__Data for analysis__.
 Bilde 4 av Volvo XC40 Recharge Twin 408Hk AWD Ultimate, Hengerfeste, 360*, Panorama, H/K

...

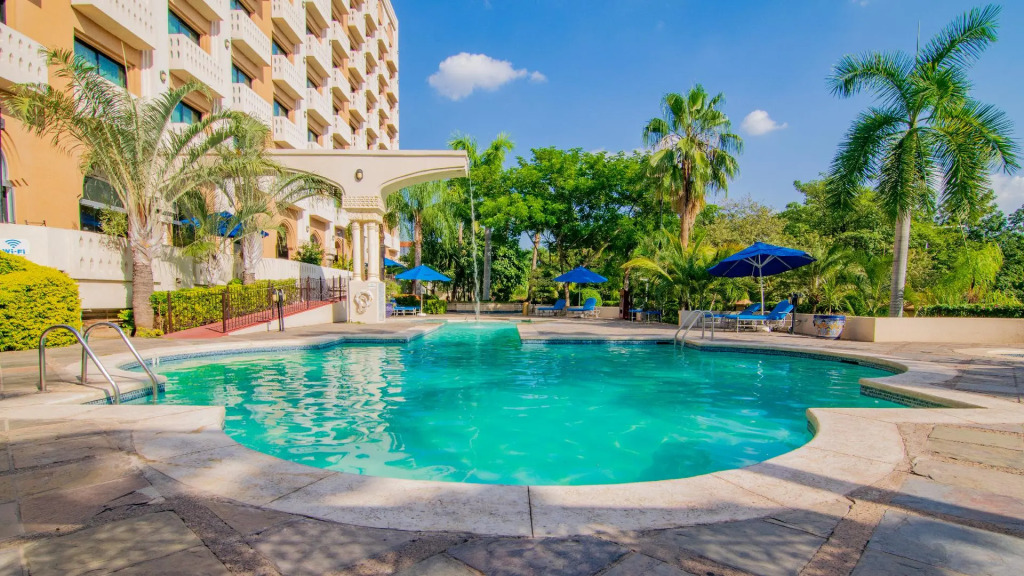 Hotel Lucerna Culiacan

--

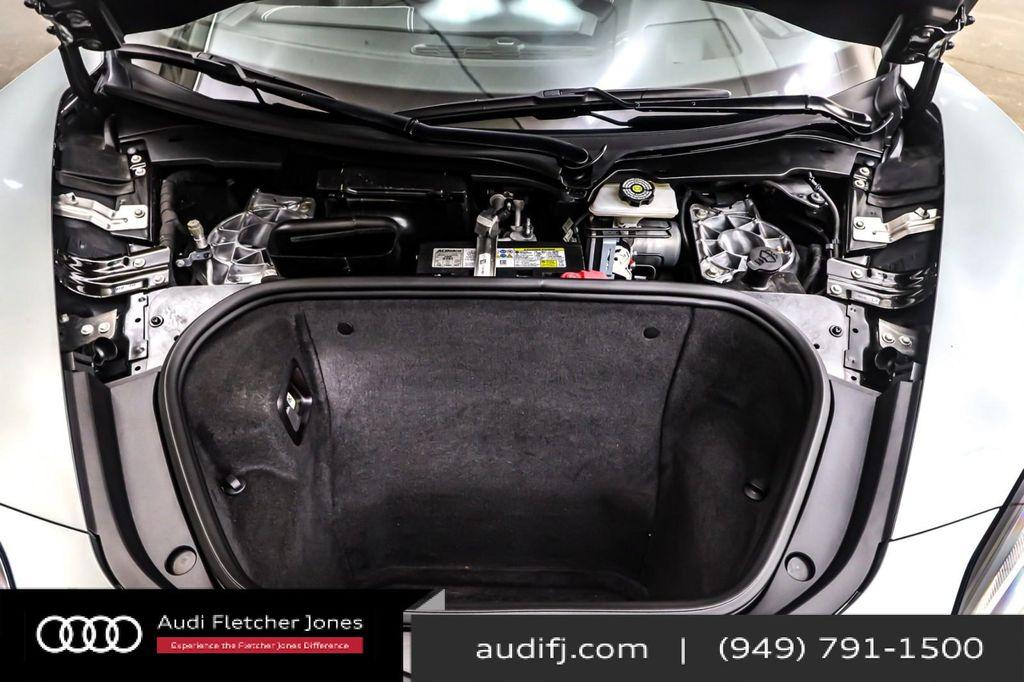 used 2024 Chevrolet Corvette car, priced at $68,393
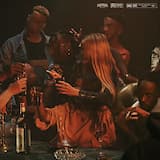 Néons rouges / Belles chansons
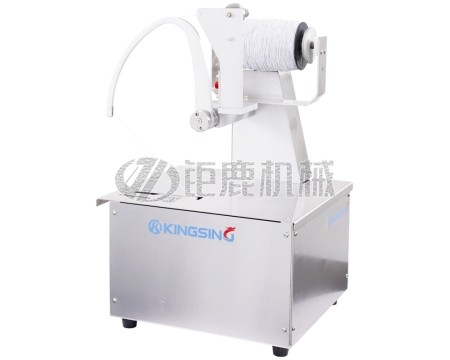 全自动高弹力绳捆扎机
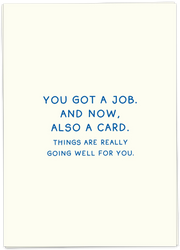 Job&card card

__About this task__.
Once the line with "Néons rouges / Belles chansons" is found above, transcribe each line from it through the line with "Job&card card", exactly, and omit the pictures.

__Answer below__.
 Néons rouges / Belles chansons
 全自动高弹力绳捆扎机
 Job&card card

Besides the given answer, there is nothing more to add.